--- WORK INSTRUCTION ---
Omitting all images, set down every line below exactly as it appears.

[Caption-style text data]
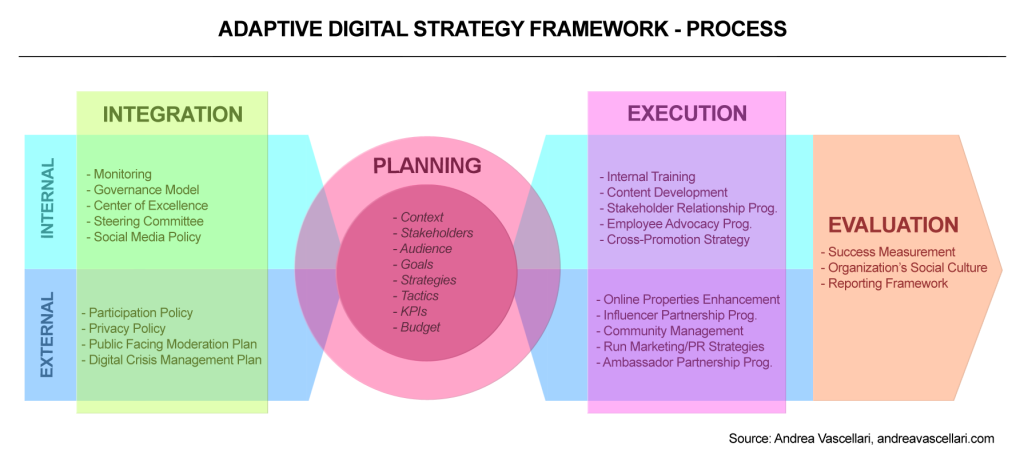 Andrea Vascellari: Adaptive Digital Strategy Framework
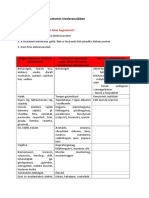 Az Élelmiszerek És Adalékanyagok Hisztamintartalma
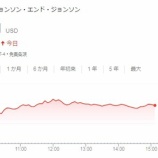 『【JNJ】J&Jが通期見通しを引き上げて、株価爆上げ！！』の画像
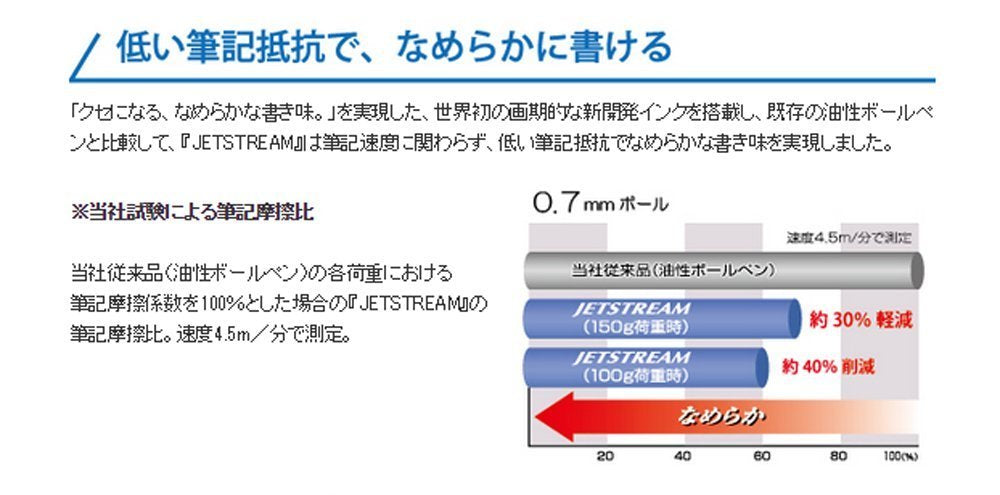 Mitsubishi Pencil Jet Stream Multi-Function 4&1 Pen 0.7 Black Easy to Write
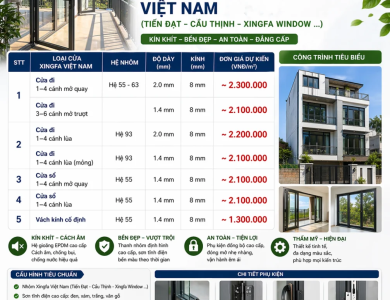 3 Nhà Cung Cấp Thanh Nhôm Xingfa Tại Thủ Đức 2026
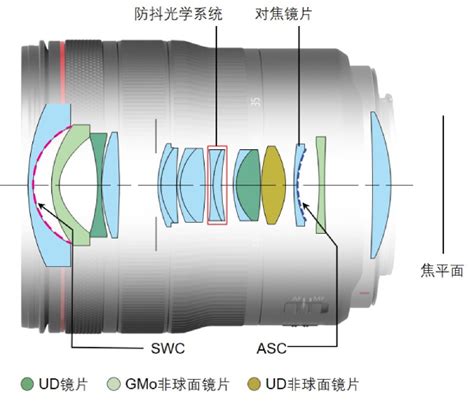 超广角表现力 佳能发布RF14-35mm F4 L IS USM镜头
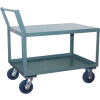 Offset Handle Low Profile Cart 2400 Lb. Capacity 36 x 48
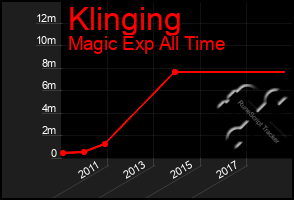 Total Graph of Klinging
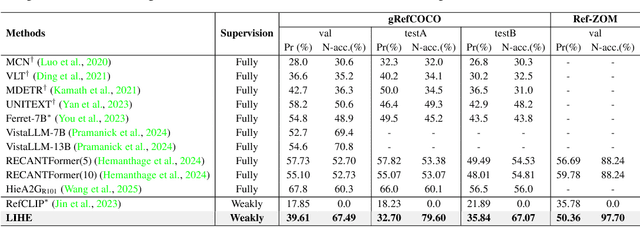 Figure 2 for LIHE: Linguistic Instance-Split Hyperbolic-Euclidean Framework for Generalized Weakly-Supervised Referring Expression Comprehension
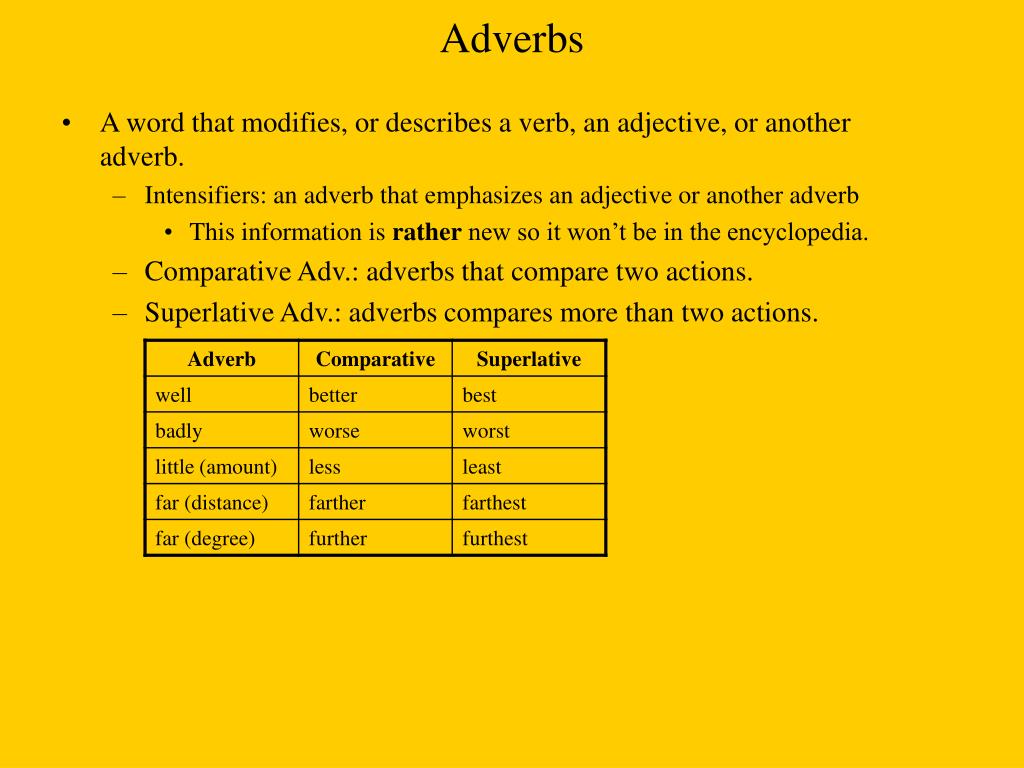 PPT Parts of Speech Review PowerPoint Presentation, free download ID1832218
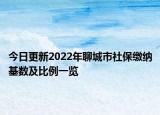 今日更新2022年聊城市社保缴纳基数及比例一览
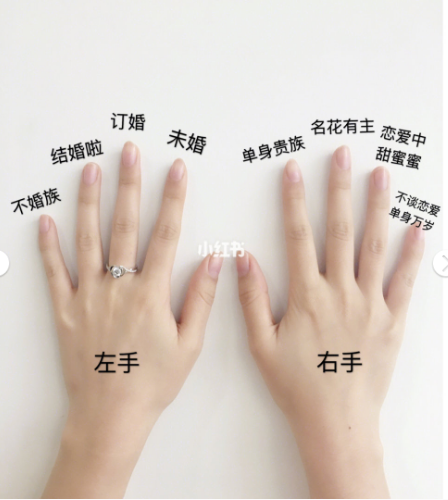 情侣戒指戴哪个手指？是中指还是无名指？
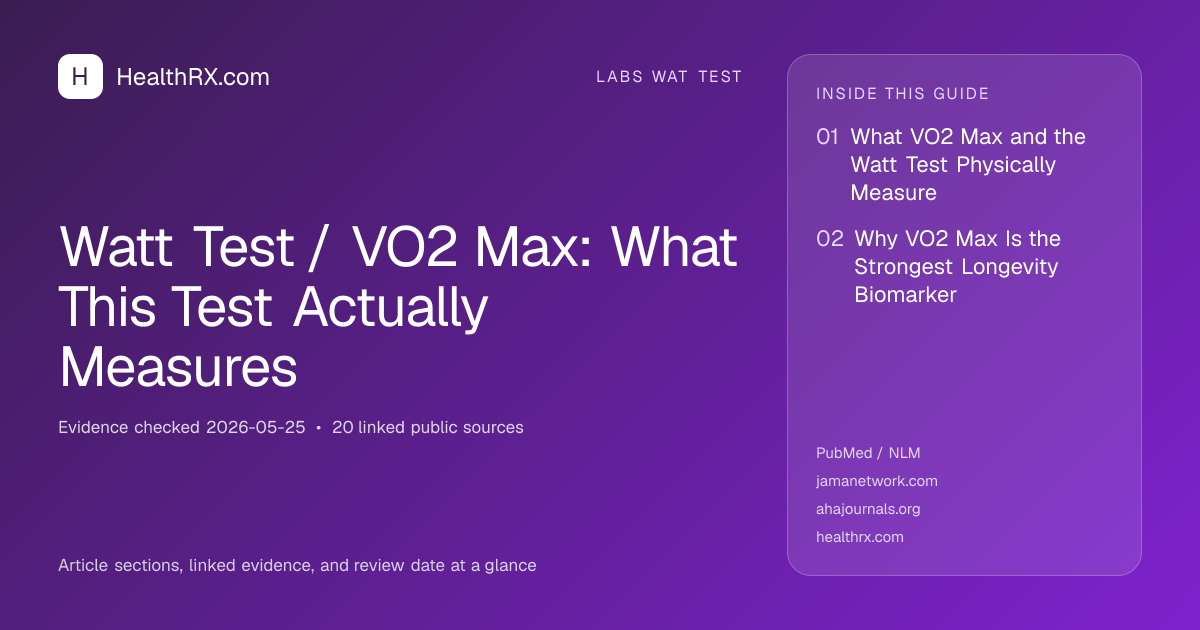 Evidence overview for Watt Test / VO2 Max: What This Test Actually Measures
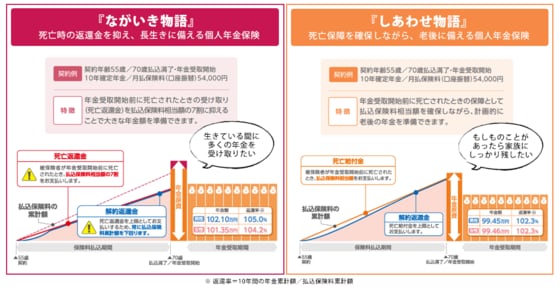 人生100年時代に知っておくべきキーワードは トンチン 低金利 長寿化の時代に長生きを リスク にしないために Jbpress ジェイビープレス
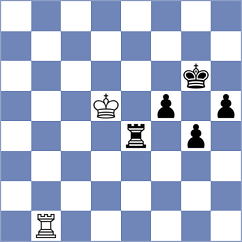 Amburgy - Grot (chess.com INT, 2024)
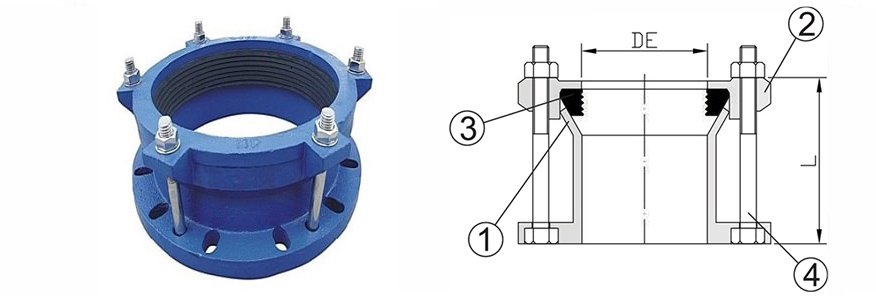 Cấu tạo kích thước khớp nối mềm BE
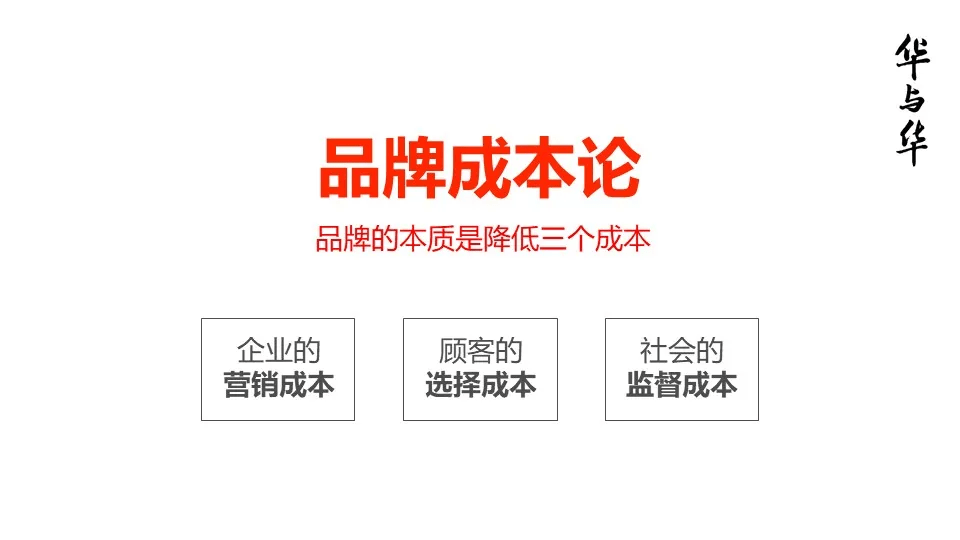 品牌华与华营销方法合集:超级符号就是超级创意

--- WRITTEN SOLUTION ---
 Andrea Vascellari: Adaptive Digital Strategy Framework
 Az Élelmiszerek És Adalékanyagok Hisztamintartalma
 『【JNJ】J&Jが通期見通しを引き上げて、株価爆上げ！！』の画像
 Mitsubishi Pencil Jet Stream Multi-Function 4&1 Pen 0.7 Black Easy to Write
 3 Nhà Cung Cấp Thanh Nhôm Xingfa Tại Thủ Đức 2026
 超广角表现力 佳能发布RF14-35mm F4 L IS USM镜头
 Offset Handle Low Profile Cart 2400 Lb. Capacity 36 x 48
 Total Graph of Klinging
 Figure 2 for LIHE: Linguistic Instance-Split Hyperbolic-Euclidean Framework for Generalized Weakly-Supervised Referring Expression Comprehension
 PPT Parts of Speech Review PowerPoint Presentation, free download ID1832218
 今日更新2022年聊城市社保缴纳基数及比例一览
 情侣戒指戴哪个手指？是中指还是无名指？
 Evidence overview for Watt Test / VO2 Max: What This Test Actually Measures
 人生100年時代に知っておくべきキーワードは トンチン 低金利 長寿化の時代に長生きを リスク にしないために Jbpress ジェイビープレス
 Amburgy - Grot (chess.com INT, 2024)
 Cấu tạo kích thước khớp nối mềm BE
 品牌华与华营销方法合集:超级符号就是超级创意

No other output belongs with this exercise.